## Material for the task
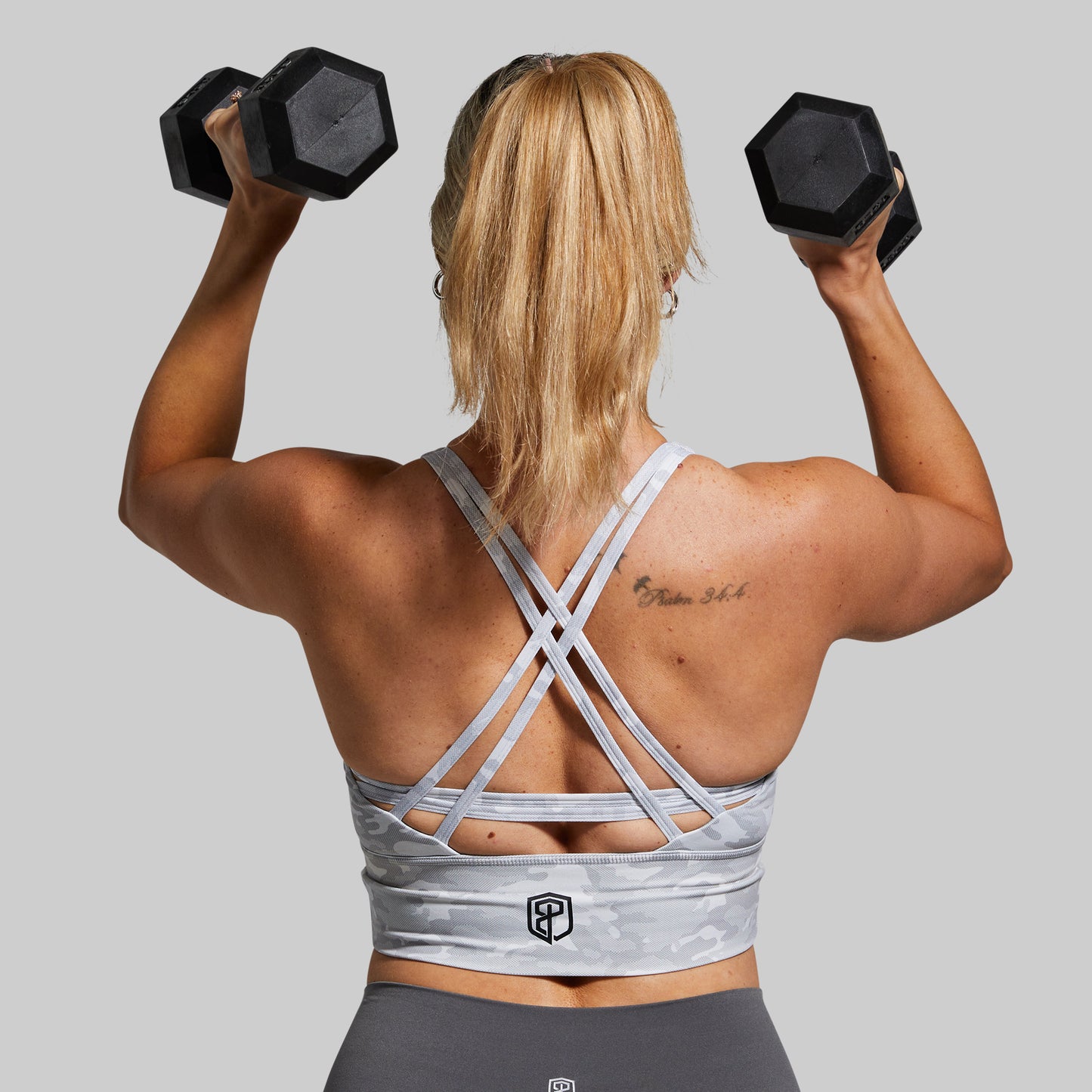 Woman lifting dumbbells from behind wearing a sports bra and leggings on a gray background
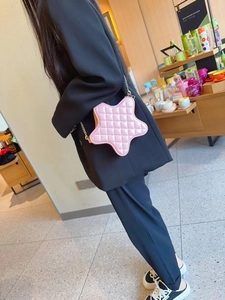 Detailed view of pink star-shaped quilted bag with elegant gold chain strap on a model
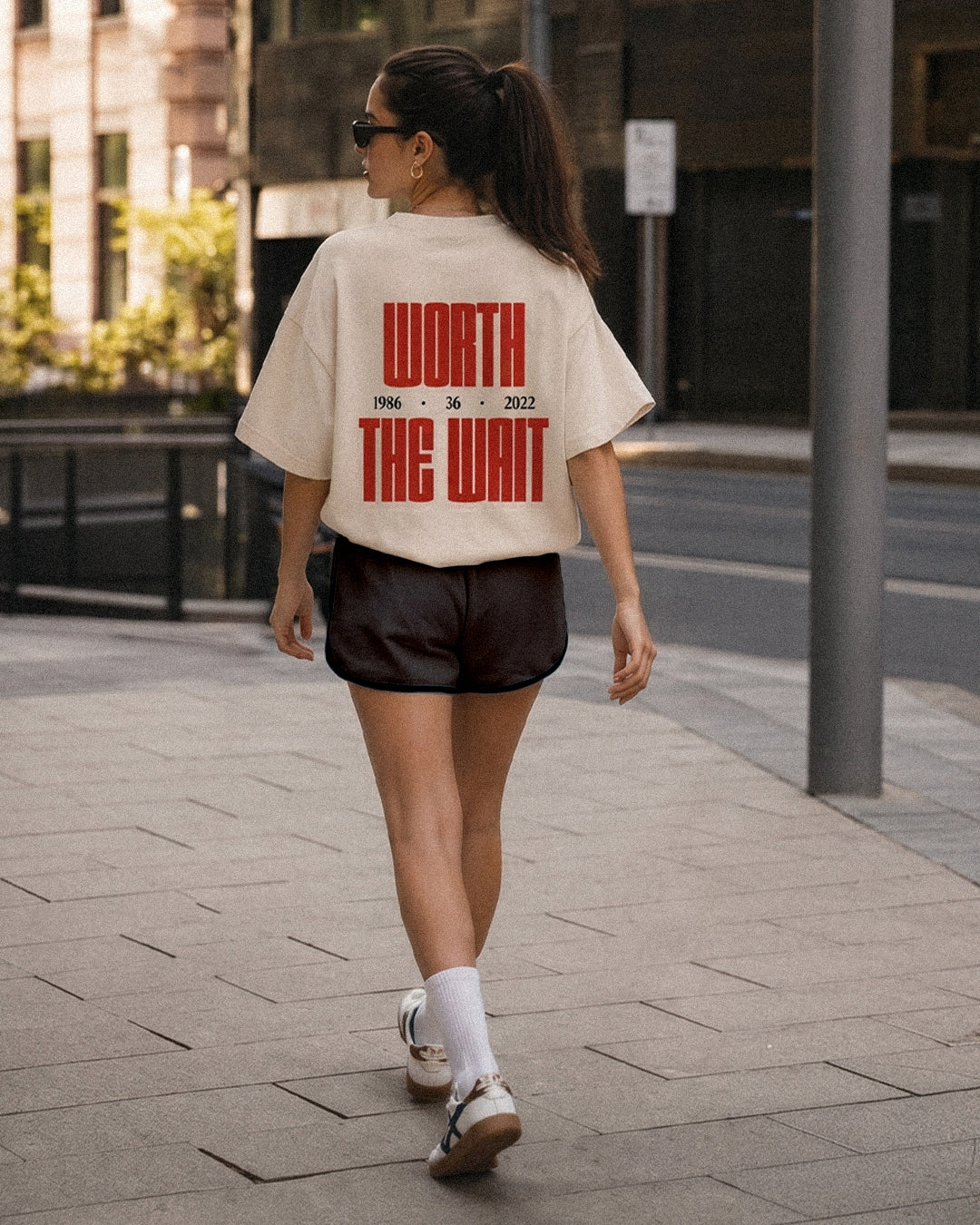 We Can tee, cream, woman wearing oversized boxy fit showing Worth The Wait back print, outdoor street lifestyle shot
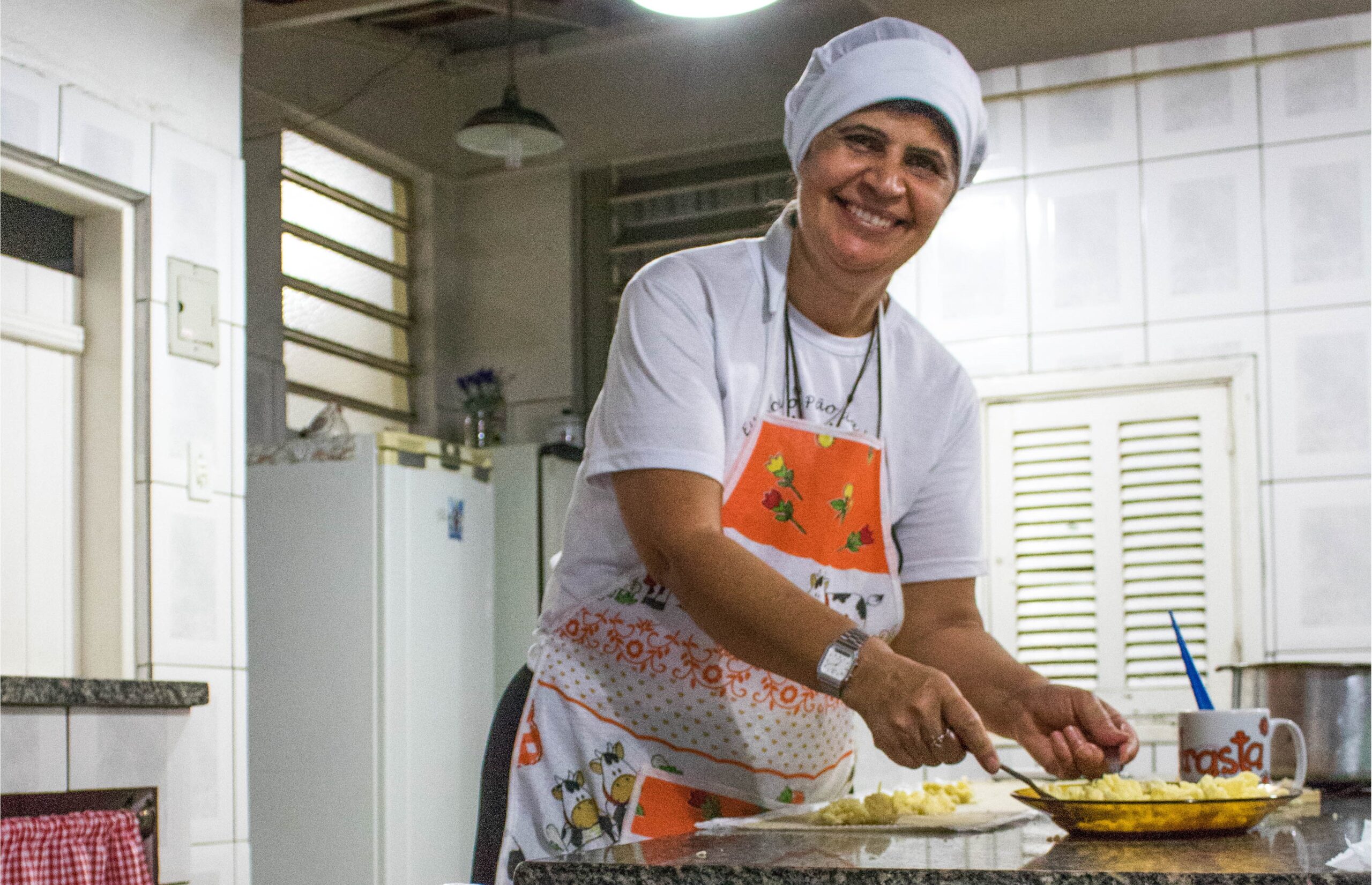 Senhora sorri enquanto manipula alimentos na cozinha da organização social Comunidade Brilho Sagrada Família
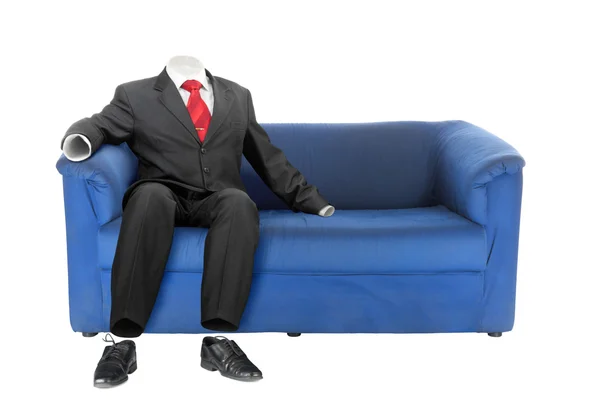 stock image Ghost of the man in classic suit is sitting on a blue couch. Isolated over white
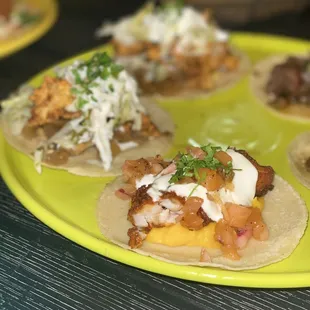 tacos on a yellow plate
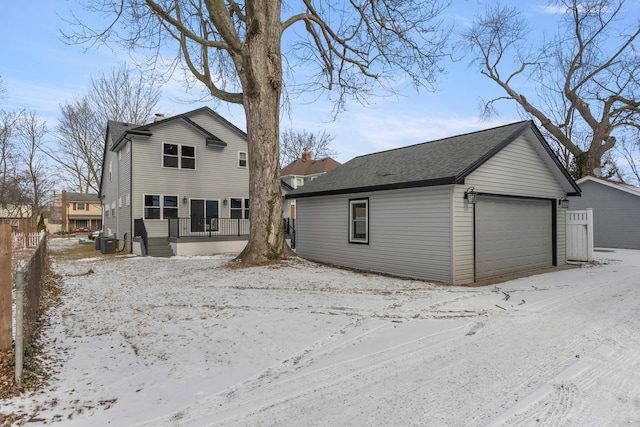 snow covered rear of property featuring a garage and cooling unit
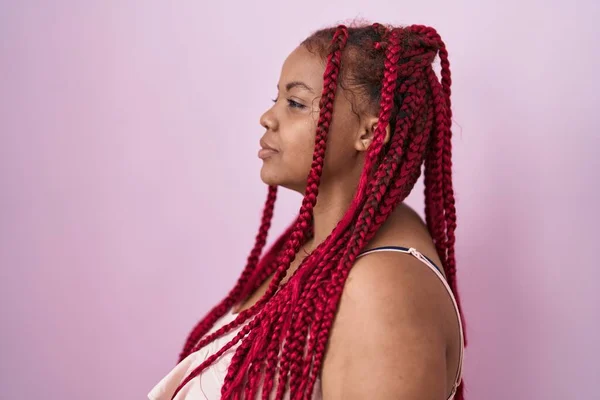 African american woman with braided hair standing over pink background looking to side, relax profile pose with natural face and confident smile.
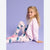 A young girl with curly blonde hair sits on a lavender studio background wearing a light pink sweatshirt and matching pink leggings with a blue cartoon character print.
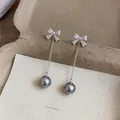 Close-up of minimalist silver needle bow stud earrings with zircon and grey pearl tassels - Bow Tassel / Gray
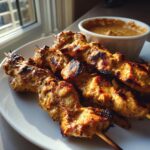 Close-up of grilled chicken satay skewers on a white plate next to a bowl of peanut sauce.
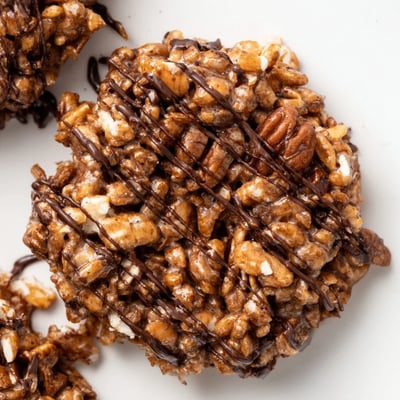 A close-up view of No Bake Coffee Crunch Rice Krispie Cookies showing the crispy texture and chopped pecans on a marble countertop.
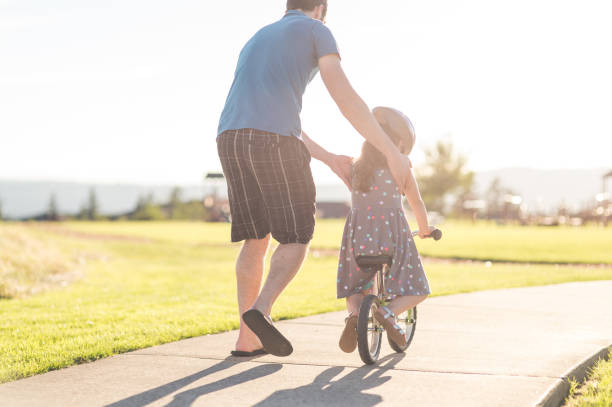 istock Dad helping his daughter learn to ride a bike 1141495907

## Task goal
Please print the lines above word for word, starting at the one with "snow covered rear" and ending at the one with "Close-up of grilled", both included, and without any picture.

## Written response
 snow covered rear of property featuring a garage and cooling unit
 African american woman with braided hair standing over pink background looking to side, relax profile pose with natural face and confident smile.
 A young girl with curly blonde hair sits on a lavender studio background wearing a light pink sweatshirt and matching pink leggings with a blue cartoon character print.
 Close-up of minimalist silver needle bow stud earrings with zircon and grey pearl tassels - Bow Tassel / Gray
 Close-up of grilled chicken satay skewers on a white plate next to a bowl of peanut sauce.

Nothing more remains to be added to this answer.